Adaptation methodology

For developing these guidelines, we followed the Grading of Recommendations Assessment, Development and Evaluation (GRADE)-ADOLOPMENT methodology [9] and the GIN-McMaster checklist for Guideline Development [10]. GRADE-ADOLOPMENT combines the advantages of adoption, adaptation, and de novo guideline development and is based on three cornerstones: (1) identifying credible and relevant existing guidelines; (2) developing GRADE EtD tables for each of the recommendations [11]; and (3) deciding on adoption, adaptation or de novo development for each of the recommendations [9]. In addition, we followed the recently published RIGHT-Ad@pt checklist for reporting adapted guidelines [12] for reporting these guidelines.

Source guideline

The SSR selected the 2021 ACR guideline for the treatment of RA as the source guideline. The ACR guidelines follow rigorous methods for guideline development, including generation of population, intervention, comparator, and outcomes (PICO) questions, selection of critical outcomes, systematic literature review, and conflict of interest (COI) management. Although the ACR guidelines did not address all contextual factors included in GRADE EtD tables, they addressed patient values and preferences, cost-effectiveness studies, and cost information [6].

Key questions

We used a structured and standardized process to prioritize five recommendations from the ACR guidelines. First, the coordination group asked the panelists to rate the priority of each of the original ACR recommendations based on whether the recommended intervention differed in the Saudi Arabian context (from the U.S. context) in terms of feasibility, acceptability, resource use, impact on equity and current practice. Additional file 2 presents the prioritized questions corresponding to the prioritized recommendation statements.

Evidence synthesis

For the evidence on health effects, and as the adaptation project was launched shortly following the publication of the source guideline, we opted to use the evidence reports as published by the source guideline (search date: December 11, 2019) and did not formally update the systematic literature review for the adaptation process. However, we solicited panelists to share any newly published relevant studies. Two methodologist members of the coordination group (SY and JK) assessed the eligibility of these studies in duplicate and independently. For eligible studies, the two methodologists abstracted data and assessed the risk of bias in duplicate and independently and updated the evidence reports accordingly.
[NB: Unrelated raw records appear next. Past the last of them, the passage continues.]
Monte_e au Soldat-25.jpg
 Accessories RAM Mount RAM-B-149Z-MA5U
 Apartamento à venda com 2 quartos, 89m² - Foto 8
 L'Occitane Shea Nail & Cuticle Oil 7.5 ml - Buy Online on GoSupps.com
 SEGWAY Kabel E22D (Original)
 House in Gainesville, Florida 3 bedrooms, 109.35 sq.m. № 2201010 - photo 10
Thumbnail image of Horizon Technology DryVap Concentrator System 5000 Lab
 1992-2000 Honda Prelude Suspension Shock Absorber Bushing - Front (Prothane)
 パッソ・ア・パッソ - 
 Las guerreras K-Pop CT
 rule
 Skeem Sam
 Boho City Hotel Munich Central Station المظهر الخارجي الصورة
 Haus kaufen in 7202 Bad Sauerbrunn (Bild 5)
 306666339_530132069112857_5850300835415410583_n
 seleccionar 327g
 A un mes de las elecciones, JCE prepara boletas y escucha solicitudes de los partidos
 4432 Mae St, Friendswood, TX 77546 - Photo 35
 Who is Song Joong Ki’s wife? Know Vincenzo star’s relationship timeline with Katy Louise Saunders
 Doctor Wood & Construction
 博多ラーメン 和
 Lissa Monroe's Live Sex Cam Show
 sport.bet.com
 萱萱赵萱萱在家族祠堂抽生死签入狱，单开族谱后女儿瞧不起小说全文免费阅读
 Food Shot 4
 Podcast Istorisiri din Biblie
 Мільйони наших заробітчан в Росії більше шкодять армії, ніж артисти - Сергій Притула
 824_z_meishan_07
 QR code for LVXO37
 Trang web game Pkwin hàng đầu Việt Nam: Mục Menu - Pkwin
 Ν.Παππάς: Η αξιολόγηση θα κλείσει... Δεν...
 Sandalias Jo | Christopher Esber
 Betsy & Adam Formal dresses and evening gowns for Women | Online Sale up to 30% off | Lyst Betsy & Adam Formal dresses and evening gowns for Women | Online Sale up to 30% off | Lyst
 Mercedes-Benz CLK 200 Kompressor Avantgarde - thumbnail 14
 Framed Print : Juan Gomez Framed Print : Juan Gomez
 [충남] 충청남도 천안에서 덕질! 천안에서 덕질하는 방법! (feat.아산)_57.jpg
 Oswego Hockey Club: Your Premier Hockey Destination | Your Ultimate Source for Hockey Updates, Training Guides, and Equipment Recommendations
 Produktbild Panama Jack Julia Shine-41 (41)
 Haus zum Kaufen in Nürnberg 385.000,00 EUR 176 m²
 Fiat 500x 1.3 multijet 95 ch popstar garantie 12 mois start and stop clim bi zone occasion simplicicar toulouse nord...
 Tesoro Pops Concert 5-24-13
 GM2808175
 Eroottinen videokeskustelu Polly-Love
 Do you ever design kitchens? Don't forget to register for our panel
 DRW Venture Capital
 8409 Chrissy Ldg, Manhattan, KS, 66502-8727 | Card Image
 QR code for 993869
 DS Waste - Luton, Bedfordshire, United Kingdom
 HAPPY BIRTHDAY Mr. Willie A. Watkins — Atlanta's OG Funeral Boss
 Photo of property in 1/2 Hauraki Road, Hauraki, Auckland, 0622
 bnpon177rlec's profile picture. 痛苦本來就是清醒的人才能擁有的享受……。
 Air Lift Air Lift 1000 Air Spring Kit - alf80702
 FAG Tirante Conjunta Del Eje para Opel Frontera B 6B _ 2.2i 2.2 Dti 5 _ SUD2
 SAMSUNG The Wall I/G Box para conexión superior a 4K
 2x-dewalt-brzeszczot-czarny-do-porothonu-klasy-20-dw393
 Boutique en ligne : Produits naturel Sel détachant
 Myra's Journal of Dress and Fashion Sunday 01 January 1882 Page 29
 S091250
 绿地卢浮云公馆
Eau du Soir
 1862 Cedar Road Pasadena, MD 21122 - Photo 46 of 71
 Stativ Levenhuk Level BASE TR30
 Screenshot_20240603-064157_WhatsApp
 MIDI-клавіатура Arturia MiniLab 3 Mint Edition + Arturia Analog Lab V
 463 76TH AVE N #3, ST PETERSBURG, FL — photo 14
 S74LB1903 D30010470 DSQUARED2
We adopted the source guideline's ratings for the importance of outcomes (e.g., disease activity as a critical outcome; and physical function, radiographic progression, quality of life, and adverse events as important outcomes). For patient values and preferences, we relied on the systematic review on the topic used by the source guidelines [13] and the input of a Saudi patient representative.

The panel relied on cost data collected from the National Unified Procurement Company (NUPCO) for the governmental sector [14] and the Saudi Food Drug Authority (SFDA) for the private sector [15]. For the remaining contextual factors, the panel used their personal knowledge and experience.

Assessment of the certainty of the body of evidence and strength of recommendation

In the event of no update of the evidence report, we adopted the source guideline's assessments about the certainty of the evidence. For the updated evidence reports, the methodologist members of the coordination group (SY, JK, and EAA) assessed the certainty of the evidence according to the GRADE methodology and using the GRADEpro GDT software (www.gradepro.org) [16]. In addition, and similarly to the source guidelines, we used the GRADE methodology to grade the strength of recommendations [17, 18].

Decision-making processes

For each question, the coordination group developed GRADE EtD tables using the GRADEpro GDT software (www.gradepro.org), which included both information on health effects from the evidence reports and contextual information. Then, in preparation for the panel meetings, we used the PANELVoice function in GRADEpro GDT to invite panel members to review the EtDs, comment on the included information, and vote on the EtD criteria and recommendations.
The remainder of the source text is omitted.